**EXERCISE INSTRUCTIONS**. Going down the data below, set down exactly the line with "Yct H5 Pro Excavator" and each line after it through the line with "Foto da tabela nutricional"; no other lines.

**RECORDS SHOWN**.
*** Begin section ***

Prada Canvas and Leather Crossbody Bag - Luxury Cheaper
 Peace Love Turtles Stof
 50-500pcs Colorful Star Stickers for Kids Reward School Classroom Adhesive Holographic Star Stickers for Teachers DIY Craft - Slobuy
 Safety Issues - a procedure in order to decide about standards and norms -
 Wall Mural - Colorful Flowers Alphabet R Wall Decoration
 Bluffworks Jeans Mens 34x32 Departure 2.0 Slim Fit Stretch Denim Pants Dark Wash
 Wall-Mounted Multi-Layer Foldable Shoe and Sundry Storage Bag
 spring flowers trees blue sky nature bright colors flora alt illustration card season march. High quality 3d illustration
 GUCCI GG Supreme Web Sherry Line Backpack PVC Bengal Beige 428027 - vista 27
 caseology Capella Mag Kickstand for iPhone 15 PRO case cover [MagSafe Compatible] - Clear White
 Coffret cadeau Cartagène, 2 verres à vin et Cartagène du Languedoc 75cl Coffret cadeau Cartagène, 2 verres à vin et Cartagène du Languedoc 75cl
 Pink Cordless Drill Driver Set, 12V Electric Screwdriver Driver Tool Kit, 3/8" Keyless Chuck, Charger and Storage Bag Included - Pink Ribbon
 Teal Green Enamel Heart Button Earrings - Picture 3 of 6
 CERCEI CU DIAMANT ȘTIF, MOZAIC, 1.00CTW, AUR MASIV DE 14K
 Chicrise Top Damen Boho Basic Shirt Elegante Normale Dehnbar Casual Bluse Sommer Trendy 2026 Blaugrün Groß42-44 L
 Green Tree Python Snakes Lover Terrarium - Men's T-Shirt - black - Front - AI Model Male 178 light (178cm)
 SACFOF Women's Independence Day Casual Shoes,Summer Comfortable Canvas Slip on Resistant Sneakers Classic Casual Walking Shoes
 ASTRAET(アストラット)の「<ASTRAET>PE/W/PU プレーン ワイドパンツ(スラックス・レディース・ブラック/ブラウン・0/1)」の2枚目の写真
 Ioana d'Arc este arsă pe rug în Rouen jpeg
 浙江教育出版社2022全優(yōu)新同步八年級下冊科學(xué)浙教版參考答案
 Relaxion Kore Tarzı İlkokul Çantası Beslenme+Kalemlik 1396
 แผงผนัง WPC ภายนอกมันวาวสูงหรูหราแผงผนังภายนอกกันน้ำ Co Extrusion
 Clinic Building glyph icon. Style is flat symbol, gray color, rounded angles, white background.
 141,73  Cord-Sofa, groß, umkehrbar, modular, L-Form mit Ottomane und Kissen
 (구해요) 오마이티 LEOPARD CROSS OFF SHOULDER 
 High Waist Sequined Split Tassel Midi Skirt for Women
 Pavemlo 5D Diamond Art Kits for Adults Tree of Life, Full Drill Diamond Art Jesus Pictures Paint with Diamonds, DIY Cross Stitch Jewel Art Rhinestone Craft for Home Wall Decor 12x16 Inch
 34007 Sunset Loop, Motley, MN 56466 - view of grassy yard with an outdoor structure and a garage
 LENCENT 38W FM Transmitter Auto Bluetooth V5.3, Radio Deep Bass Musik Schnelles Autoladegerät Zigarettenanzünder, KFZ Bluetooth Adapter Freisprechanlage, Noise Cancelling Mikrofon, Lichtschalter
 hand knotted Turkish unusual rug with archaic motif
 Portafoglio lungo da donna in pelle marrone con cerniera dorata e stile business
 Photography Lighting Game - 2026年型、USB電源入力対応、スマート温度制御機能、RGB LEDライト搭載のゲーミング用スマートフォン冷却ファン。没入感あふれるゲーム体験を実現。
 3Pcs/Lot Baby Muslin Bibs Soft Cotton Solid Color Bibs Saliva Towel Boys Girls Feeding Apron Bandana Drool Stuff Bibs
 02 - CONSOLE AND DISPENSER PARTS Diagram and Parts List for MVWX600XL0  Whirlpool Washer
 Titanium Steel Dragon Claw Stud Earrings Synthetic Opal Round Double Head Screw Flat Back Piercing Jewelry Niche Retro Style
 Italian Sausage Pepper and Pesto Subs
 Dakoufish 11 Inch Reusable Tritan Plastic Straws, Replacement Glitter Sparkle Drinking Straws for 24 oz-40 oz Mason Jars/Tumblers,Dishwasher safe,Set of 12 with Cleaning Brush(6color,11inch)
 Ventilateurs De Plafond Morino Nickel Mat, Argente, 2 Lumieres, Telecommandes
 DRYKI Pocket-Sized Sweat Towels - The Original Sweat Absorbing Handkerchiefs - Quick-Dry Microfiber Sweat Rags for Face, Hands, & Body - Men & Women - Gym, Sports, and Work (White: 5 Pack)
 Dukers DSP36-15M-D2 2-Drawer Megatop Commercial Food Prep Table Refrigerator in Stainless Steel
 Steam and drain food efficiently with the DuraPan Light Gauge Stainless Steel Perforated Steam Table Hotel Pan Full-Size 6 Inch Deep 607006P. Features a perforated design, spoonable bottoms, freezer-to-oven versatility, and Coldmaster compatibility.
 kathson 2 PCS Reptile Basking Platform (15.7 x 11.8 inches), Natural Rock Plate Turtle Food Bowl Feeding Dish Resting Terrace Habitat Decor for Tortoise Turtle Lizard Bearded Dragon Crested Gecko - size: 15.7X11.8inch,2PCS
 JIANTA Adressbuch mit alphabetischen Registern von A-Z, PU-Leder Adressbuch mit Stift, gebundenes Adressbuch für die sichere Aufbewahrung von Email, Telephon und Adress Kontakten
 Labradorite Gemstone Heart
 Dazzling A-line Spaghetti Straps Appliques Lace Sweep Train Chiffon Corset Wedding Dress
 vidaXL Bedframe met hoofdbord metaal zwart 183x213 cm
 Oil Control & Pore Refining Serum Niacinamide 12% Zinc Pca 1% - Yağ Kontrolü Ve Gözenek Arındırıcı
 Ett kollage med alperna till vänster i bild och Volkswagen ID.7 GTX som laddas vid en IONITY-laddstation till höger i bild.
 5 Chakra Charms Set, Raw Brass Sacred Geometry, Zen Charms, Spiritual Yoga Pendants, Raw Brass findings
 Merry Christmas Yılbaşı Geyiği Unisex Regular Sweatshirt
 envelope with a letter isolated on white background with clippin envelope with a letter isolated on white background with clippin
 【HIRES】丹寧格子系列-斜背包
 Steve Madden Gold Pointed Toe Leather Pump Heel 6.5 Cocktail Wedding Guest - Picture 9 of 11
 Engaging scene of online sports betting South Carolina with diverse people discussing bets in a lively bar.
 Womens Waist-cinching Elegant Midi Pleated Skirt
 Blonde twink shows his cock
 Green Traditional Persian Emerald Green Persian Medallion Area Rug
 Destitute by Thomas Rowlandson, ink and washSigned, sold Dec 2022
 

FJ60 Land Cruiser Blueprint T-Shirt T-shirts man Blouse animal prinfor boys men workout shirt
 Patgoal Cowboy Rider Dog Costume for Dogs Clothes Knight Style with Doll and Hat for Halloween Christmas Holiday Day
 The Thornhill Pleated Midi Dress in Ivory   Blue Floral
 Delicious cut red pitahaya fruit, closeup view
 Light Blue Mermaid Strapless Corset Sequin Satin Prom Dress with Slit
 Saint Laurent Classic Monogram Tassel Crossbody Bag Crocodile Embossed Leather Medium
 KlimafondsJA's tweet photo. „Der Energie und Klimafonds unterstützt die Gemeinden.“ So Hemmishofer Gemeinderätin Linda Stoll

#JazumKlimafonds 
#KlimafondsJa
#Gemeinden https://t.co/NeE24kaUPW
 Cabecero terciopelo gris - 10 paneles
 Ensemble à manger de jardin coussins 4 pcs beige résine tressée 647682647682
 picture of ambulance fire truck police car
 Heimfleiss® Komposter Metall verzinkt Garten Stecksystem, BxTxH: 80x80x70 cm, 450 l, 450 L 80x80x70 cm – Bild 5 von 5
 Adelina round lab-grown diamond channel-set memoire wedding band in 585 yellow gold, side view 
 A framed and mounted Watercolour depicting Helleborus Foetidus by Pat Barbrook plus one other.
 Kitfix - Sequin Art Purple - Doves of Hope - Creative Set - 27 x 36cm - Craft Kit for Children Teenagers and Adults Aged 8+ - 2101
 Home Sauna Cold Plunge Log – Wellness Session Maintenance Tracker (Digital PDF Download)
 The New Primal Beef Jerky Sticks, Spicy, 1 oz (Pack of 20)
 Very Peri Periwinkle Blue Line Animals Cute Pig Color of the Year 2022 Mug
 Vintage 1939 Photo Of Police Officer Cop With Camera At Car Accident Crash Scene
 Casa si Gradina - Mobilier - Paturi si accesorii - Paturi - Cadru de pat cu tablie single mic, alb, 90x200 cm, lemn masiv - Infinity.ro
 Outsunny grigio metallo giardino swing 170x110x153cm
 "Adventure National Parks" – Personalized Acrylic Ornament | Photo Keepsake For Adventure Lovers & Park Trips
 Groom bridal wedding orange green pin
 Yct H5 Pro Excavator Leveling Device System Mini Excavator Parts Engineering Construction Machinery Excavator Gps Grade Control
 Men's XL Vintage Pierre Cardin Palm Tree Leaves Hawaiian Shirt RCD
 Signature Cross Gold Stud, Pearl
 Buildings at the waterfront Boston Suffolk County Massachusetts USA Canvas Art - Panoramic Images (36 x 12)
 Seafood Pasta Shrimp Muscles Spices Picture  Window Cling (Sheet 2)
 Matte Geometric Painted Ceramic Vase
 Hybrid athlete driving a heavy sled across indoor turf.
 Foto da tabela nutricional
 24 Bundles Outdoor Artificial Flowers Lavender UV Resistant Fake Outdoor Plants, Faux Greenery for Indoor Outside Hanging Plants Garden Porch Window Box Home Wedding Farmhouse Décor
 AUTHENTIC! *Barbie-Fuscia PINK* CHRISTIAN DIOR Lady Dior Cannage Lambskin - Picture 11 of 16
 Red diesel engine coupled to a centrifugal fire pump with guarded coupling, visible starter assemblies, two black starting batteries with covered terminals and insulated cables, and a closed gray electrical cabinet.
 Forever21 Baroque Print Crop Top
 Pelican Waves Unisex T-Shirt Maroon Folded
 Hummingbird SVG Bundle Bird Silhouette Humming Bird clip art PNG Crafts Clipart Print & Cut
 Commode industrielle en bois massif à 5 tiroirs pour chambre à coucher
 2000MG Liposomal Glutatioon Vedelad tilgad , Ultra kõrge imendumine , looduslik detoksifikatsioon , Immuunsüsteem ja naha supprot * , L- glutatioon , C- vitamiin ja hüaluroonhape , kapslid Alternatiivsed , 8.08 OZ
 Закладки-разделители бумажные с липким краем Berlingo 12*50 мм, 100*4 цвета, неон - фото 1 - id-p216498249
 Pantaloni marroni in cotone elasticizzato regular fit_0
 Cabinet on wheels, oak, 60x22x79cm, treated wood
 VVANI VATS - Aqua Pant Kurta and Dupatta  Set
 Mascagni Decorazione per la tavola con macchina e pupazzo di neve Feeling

*** End section ***

**ANSWER AREA**.
 Yct H5 Pro Excavator Leveling Device System Mini Excavator Parts Engineering Construction Machinery Excavator Gps Grade Control
 Men's XL Vintage Pierre Cardin Palm Tree Leaves Hawaiian Shirt RCD
 Signature Cross Gold Stud, Pearl
 Buildings at the waterfront Boston Suffolk County Massachusetts USA Canvas Art - Panoramic Images (36 x 12)
 Seafood Pasta Shrimp Muscles Spices Picture  Window Cling (Sheet 2)
 Matte Geometric Painted Ceramic Vase
 Hybrid athlete driving a heavy sled across indoor turf.
 Foto da tabela nutricional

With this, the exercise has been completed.